El fiscal pide 14 años de cárcel por maltratar a una mujer de su familia

| 2 abril 2014

EFE/ Logroño

El fiscal pide una pena conjunta de 14 años de cárcel y 4 meses para el marido, padre y hermano de una mujer como presuntos autores de los delitos de maltratarla de forma habitual en el domicilio, amenazarla, coaccionarla y causarle lesiones leves en el ámbito doméstico.

El Juzgado de lo Penal 2 de Logroño juzgará a estas tres personas los próximos días 9 y 11, en el que el Ministerio Público relatará el presunto maltrato habitual que sufría la víctima en su domicilio de Logroño, donde residía desde 2010 con su esposo, sus padres, dos hermanos y una cuñada.

El escrito del fiscal, al que ha tenido acceso Efe, explica que, el 6 de diciembre de 2010, la víctima, “ante lo insoportable de la situación”, intentó beber lejía para poder salir del domicilio, lo que no logró al ser sorprendida por su padre y ser golpeada por uno de sus hermanos.

Al día siguiente intentó cortarse las venas, lo que impidió su hermano con golpes y patadas, tras lo que la familia cerró las ventajas, bajó las persianas y le taparon la boca para impedir que se oyeran sus gritos; la vigilaron, no la dejaron salir de casa y si alguien preguntaba por ella, decían que estaba en Pakistán.

El 16 de diciembre, según el fiscal, la víctima aprovechó un descuido de su familia, escribió tres notas de ayuda y las lanzó por la ventana, una de las cuales cayó en el balcón de la vecina con el siguiente texto: “por favor, llame a la policía, mi padre me ha pegado y los de mi casa me tienen encerrada por favor ayudarme me van a matar porga llamar a la policía, ayudarme, ayudarme, llame a la policía rápido, 27, 8B gracias”.

La Policía Local, tras ser alertada, acudió al domicilio de la víctima, donde el padre negó que su hija estuviera allí y, ante la insistencia de los atentes, reconoció que era una de las mujeres que estaban en el salón.

Los agentes se llevaron del domicilio a la mujer, que, según el fiscal, presenta un trastorno adaptivo con sintomatología depresiva y ansiosa, por lo que necesita tratamiento farmacológico y psicológico.

La víctima, quien no reclama una indemnización, se trasladó en 2005 con su familia a Pakistán, donde, de forma concertada por las familias, se casó con un primo suyo, tras lo que ella regresó a España un mes después de la boda y su padre le permitió que trabajara en una residencia de ancianos de Logroño para poder reagrupar a su marido, quien llegó al país dos años después.

El marido, desde su llegada a España, se mostró controlador y posesivo con su mujer, “enfadándose por su manera de vestir, por trabajar, sin que nada de lo que hiciera le pareciera bien”, según el fiscal.

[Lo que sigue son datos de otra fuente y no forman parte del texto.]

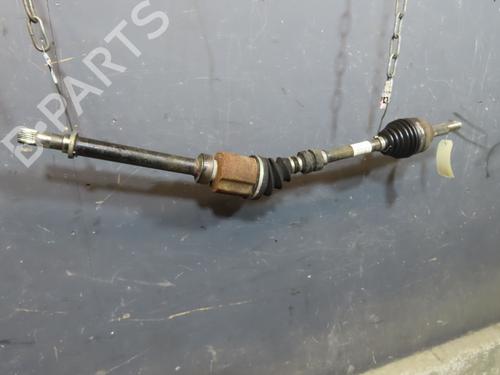 Right front driveshaft NISSAN QASHQAI I (J10, NJ10) 1.5 dCi | BP30893314M39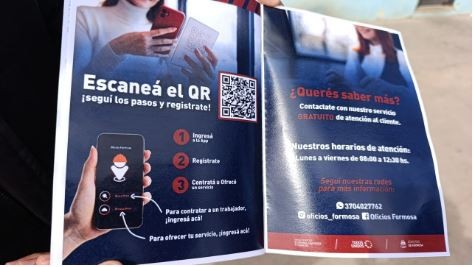 La Subsecretaría de Empleo pone a disposición de los vecinos una bolsa de diversos oficios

La víctima, añade, le pidió el divorcio, a lo que se negaron sus padres, sus hermanos y su marido, quien le dijo que “si se iba de su lado la iba a matar”.

La mujer, en noviembre de 2010, al no aguantar los insultos, reproches y vigilancia que recibía en su domicilio, se fue a Barcelona, de donde regresó al recibir una llamada familiar que indicaba que su padre estaba ingresado en el hospital muy enfermo, lo que era falso.

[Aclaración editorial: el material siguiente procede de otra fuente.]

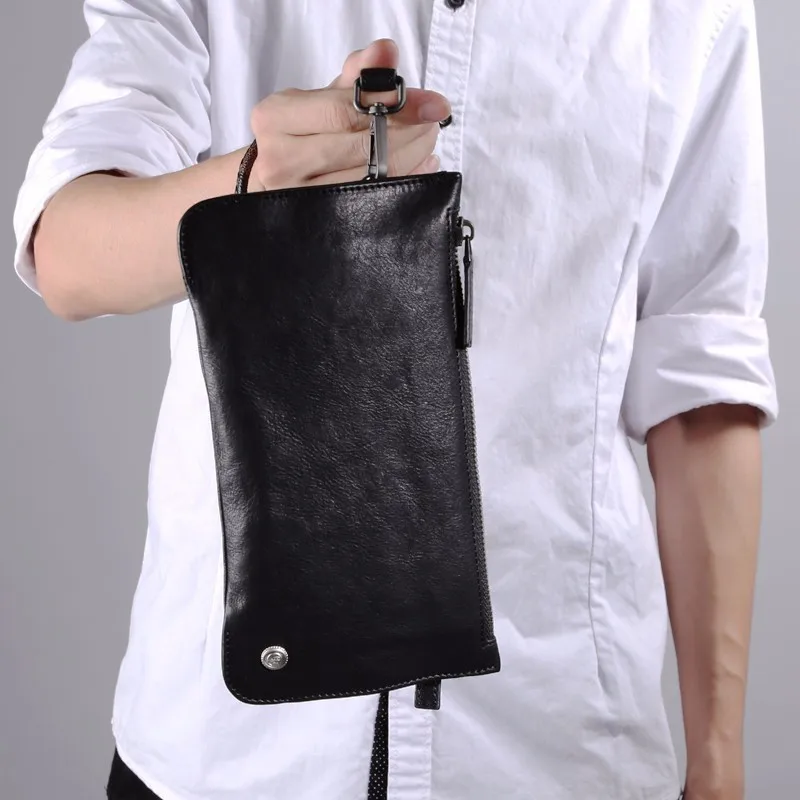 D-парк Для мужчин клатч Женские Кошельки сумка Пояса из натуральной кожи один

Desde su regreso a Logroño, su padre trató de ganarse su confianza con engaños con el pretexto de que la ayudaría a divorciarse y, tras dejar de trabajar, sus familiares se turnaban para que no tuviera acceso al teléfono ni al ordenador y no saliera de casa, ya que, si lo hacía, le dijeron que la matarían y tirarían al Ebro y que “de casa ni iba a salir viva”.

El fiscal pide para el marido una pena de 2 años de prisión como presunto autor de un delito de maltrato habitual en el domicilio y 3 más por otro de coacciones graves; y solicita que se le prive del derecho a la tenencia y porte de armas por 4 años.

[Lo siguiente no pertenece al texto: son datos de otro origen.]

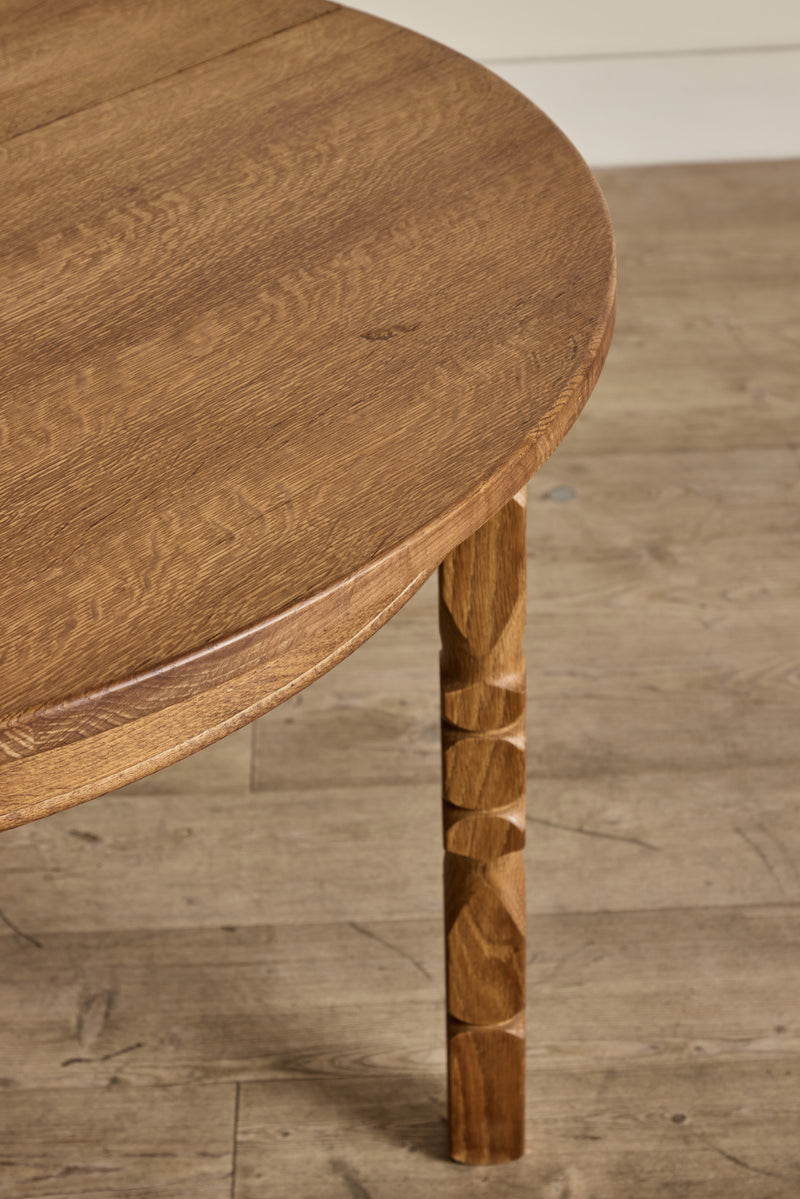 Danish Round Dining Table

También pide para el padre de la víctima una pena de 2 años por un delito de amenazas y 3 por uno de coacciones graves; y para uno de sus hermanos, 3 años por coacciones graves y 1 año y 4 meses por dos delitos de lesiones leves en el ámbito doméstico, junto a dos años de privación del derecho a la tenencia y porte de armas.

Los acusados, según el fiscal, no podrán aproximarse más de cerca de 500 metros a la víctima, ni al domicilio o lugar de trabajo de esta ni comunicar de ningún modo o manera por un tiempo de 5 años por encima de la pena de prisión solicitada por cada delito.